といっても、DVDで、しかも事情があってまだ最後まで観ていないのだけど。


最初の10分くらいですでにただものではないと感じた。でも、この映画の良さを言葉にするのは難しい。すごい映画なのは確かなのだけれど、いったいどこを目指しているのだろうか、もちろんラストを観ていないせいもあるだろうけど、その分からなさもこの映画の魅力なのである。


主人公の男、ディーン、この人物の魅力が重要なのは確かだ。だけど、単純にいい人というわけではない。魅力的なのだけど、ぼんやりと、すれすれの狂気が漂っている。


映画自体、最初から、幸せそうな日常の光景を描きながらも不穏さを漂わせていて、なんら怖ろしい出来事が起こるわけでもないのにハラハラさせられる。日常のリアリティを保ったまま、というか、リアルだからこそ醸し出される不穏さみたいなものが、まずすごい。


そしてポイント は、主人公の描き方。予告編では、スウィートなラブストーリーみたいだけど、彼の妻に対する愛情は、ちょっと狂気を帯びている。そしてここが大事なところで、彼は聖人めいた魅力と器を備え、しかしその野望が、一人の女に注がれているのである。


映画では、現在と過去が交互に描かれて、観ていて少し混乱させられるのだが、彼は、過去においては引っ越し屋、現在は壁の塗装屋をしている。医者志望だったその妻が彼に、「なぜ自分の才能を生かして何かの夢を追いかけないのか」と聞く場面がある。それに対して彼は、「夫であり父である他に何を望む必要があるか」みたいに答える。こんないい男はあり得ないくらいだろうと思うのだけれど、妻は主人公にいらだつ。

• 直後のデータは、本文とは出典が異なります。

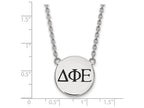 LogoArt Sterling Silver Delta Phi Epsilon Small Enameled Pendant Necklace With 18 Inch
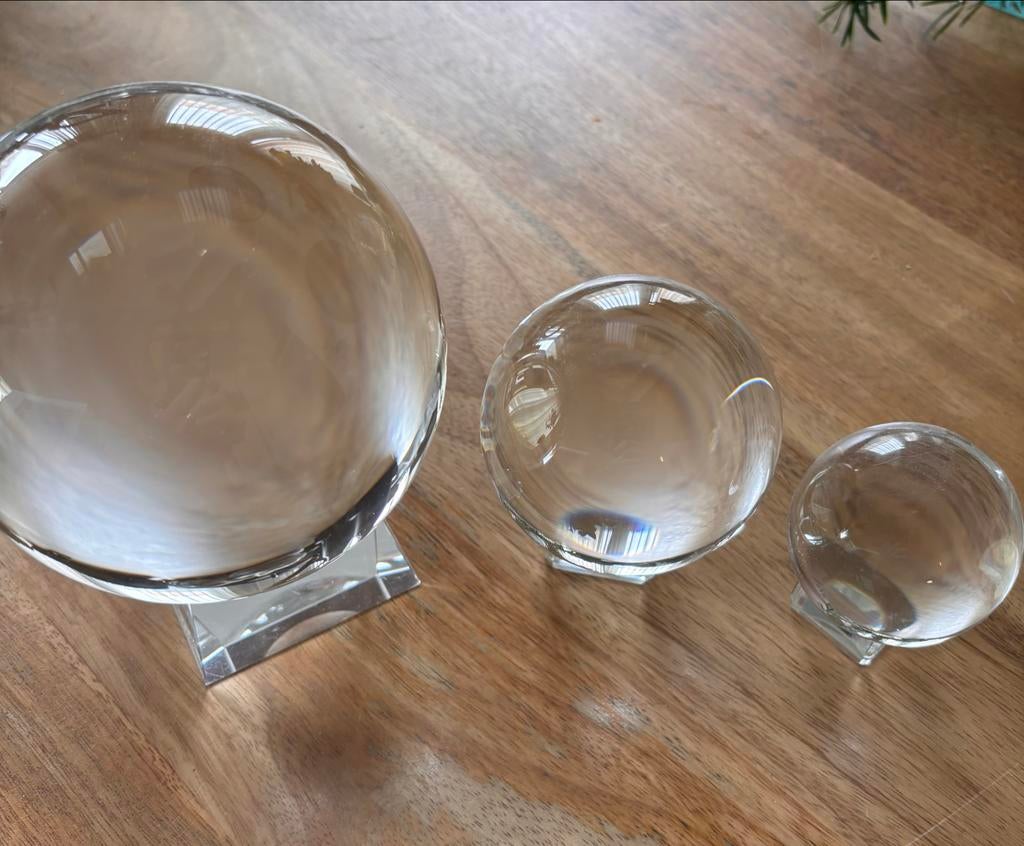 Glazen bollen set voor fotografie met onderzetters, Ophalen, Zo goed als nieuw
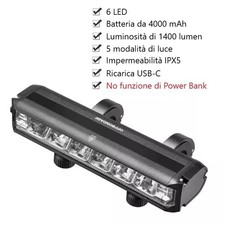 LUCE ANTERIORE PER BICI LED RICARICABILE USB BICICLETTA FARO FANALE MTB TORCIA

僕の観方が変である可能性はあるけど、これは単純なラブストーリーなんかではなくて、一人の偉大で魅力的な人物を描いた作品である。ただし、彼が抱いた野望が、一人の女への愛であるのが、なんというか、不気味であり、崇高でもある。おそらくそんな映画。


なんでもない平凡な存在として暮らすすごい男を、リアリティを持って描いている点、そしてそのすごさが一方で狂気すれすれに描かれている点、おそらくそれがこの映画の魅力である。


ちなみにその前に観た、ソフィア・コッポラ監督の『SOMEWHERE』はベルリン映画祭で金獅子賞を取ったらしいけど、ちょっと買いかぶられ過ぎだろ、と思った。それに比べてこの『ブルーバレンタイン』は、飛び抜けた傑作。